The thick walls and filtered light from the courtyards created cool, quiet chambers embellished with the occasional horseshoe arch or twisted column.
But the quiet, private spaces have long since given way to overcrowding. In 1958 the Casbah’s 70 hectares were home to only 30,000 people. Those numbers swelled as the battle for independence gained strength, and people crowded into the city to escape reprisals by the French. More than 80,000 people live in the Casbah today. Each house, intended for a single family, now holds as many as 10 poor families.
“When I change my clothes, I have to wear a robe” for privacy, said Oumedjber Aziouz, 30, who lives in two small whitewashed rooms with six other members of the family on the ground floor of a house whose courtyard measures just 3m2. His father, who moved into the rooms as a boy in 1948, grew up and raised his family there. “All of us were born in this room,” Aziouz said, stretching his arms out to touch both walls to emphasize how cramped the quarters are.
The house was built for one family and now houses three, altogether about 20 people. Sheets hang across the balconies of the narrow central courtyard to give each family a modicum of privacy. Everyone in the house shares a small toilet on the ground floor and bathes in the local neighborhood baths.
A balding man, 60 and retired, lives above Aziouz with his wife and three grown children in one narrow, whitewashed room. A color television is perched atop a wooden chest of drawers at one end of the room, and a wooden cabinet is built into the other. Two foam sofas that fold out into beds at night are the only other furniture. The family cooks and eats at a gas burner on their small loggia.
“I have asked for a new house twice in the past 10 years,” the man said, revealing a gap where his eyeteeth should be. He declined to give his name. Like others living on his narrow street, he was told at the housing office that he had already been given a new apartment as part of a government plan to ease crowding.
None of the residents have been able to get more information on the ghost homes, which they assume were given away in return for bribes. “They sold our houses to other people,” the man said.
But the psychic difficulties of overcrowding aren’t as troubling as the physical danger of living in the rickety structures of the Casbah, residents say. “I’m afraid all the time,” said Mohammed ben Aissa, 86, standing in the gloom of the narrow footpath outside his home. He said three neighbors died when their house collapsed nearby a few years ago. A good shake would bring much of the Casbah down.
Yet Ammour, of the Casbah Foundation, created by volunteers in 1990 to save the old city, said that some people had intentionally damaged their homes by knocking out pillars or breaking down walls to increase their chances of being assigned new ones. “It’s an ongoing battle to stop people from destroying houses,” he said.
The foundation is the successor to a series of defunct associations that have sought to preserve the area since independence. It got off to a slow start because the effort coincided with the brutal civil war that engulfed the nation after the military canceled elections in 1991 to stave off a victory by fundamentalists. “The Casbah was infested by terrorists, and so we lost eight years,” Ammour said.
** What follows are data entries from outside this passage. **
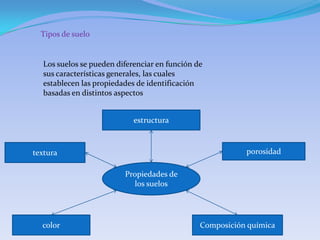 Tipos de suelo


  Los suelos se pueden diferenciar en función de
  sus características generales, las cuales
  establecen las propiedades de identificación
  basadas en distintos aspectos


                            estructura



textura                                                   porosidad

                         Propiedades de
                           los suelos




  color                                        Composición química
 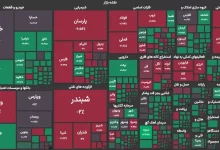 اقبال بازار سرمایه به نمادهای کوچک و متوسط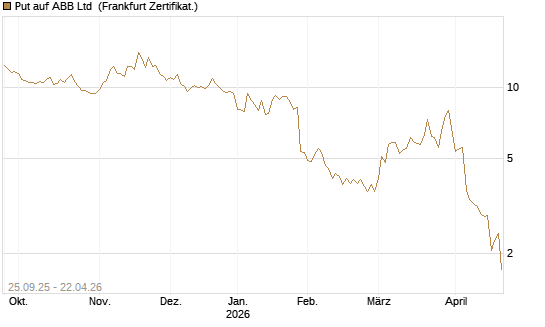 Put auf ABB Ltd [BNP Paribas Emissions- und Handelsges.] Chart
In 1991 the foundation did get the Casbah registered with the UN Educational, Scientific and Cultural Organization as a World Heritage site, and in 1998 the government passed a law requiring the protection of state patrimony. But it took until 2003 for the association to get the Casbah declared a protected site under the law.
The municipal government commissioned an exhaustive study of the Casbah and divided its dense urban landscape into five sectors. A plan was drawn up to relocate the population of successive sectors to allow renovation to proceed.
In the sector called Sidi Ramdane, 500 families were moved out several years ago, freeing 189 buildings for renovation. Less than 10 percent were restored before the project was suspended. Another 300 families were relocated from a second sector, Souk el Djemaa. But that project too soon bogged down over disputes about what should be repaired and what should be torn down.
With the municipal government, the Algerian Culture Ministry and various nongovernmental organizations squabbling over what to do, Ammour said, the next logical step would be to create an independent entity with the power to make decisions. “Now we’re fighting for an authority to control the site,” he explained.
Another complication is figuring out who owns what and getting all of the property holders to support a preservation plan. Ownership of many of the houses has been fragmented through inheritance, making decisions difficult and in some cases impossible. The foundation recently completed a survey of all the owners it could find and registered more than 4,200 for 1,200 different properties.
Most owners have moved out of the Casbah and now rent their buildings for nominal sums. They spend little on maintenance because the buildings generate so little income; each room rents for only 500 dinars to 1,500 dinars, or US$7 to US$20, a month.
But the longer the preservation is postponed, the greater the peril to the historic district. Ammour said the foundation was battling both gravity and the threat of land speculation: The Casbah occupies prime real estate overlooking the sea, and developers have already proposed building luxury apartment blocks and even office towers on the scenic hillside.
If the political stalemate persists, neglect will eventually do the work of the wrecking ball, and the storied lair of the Ottoman corsairs will disappear forever.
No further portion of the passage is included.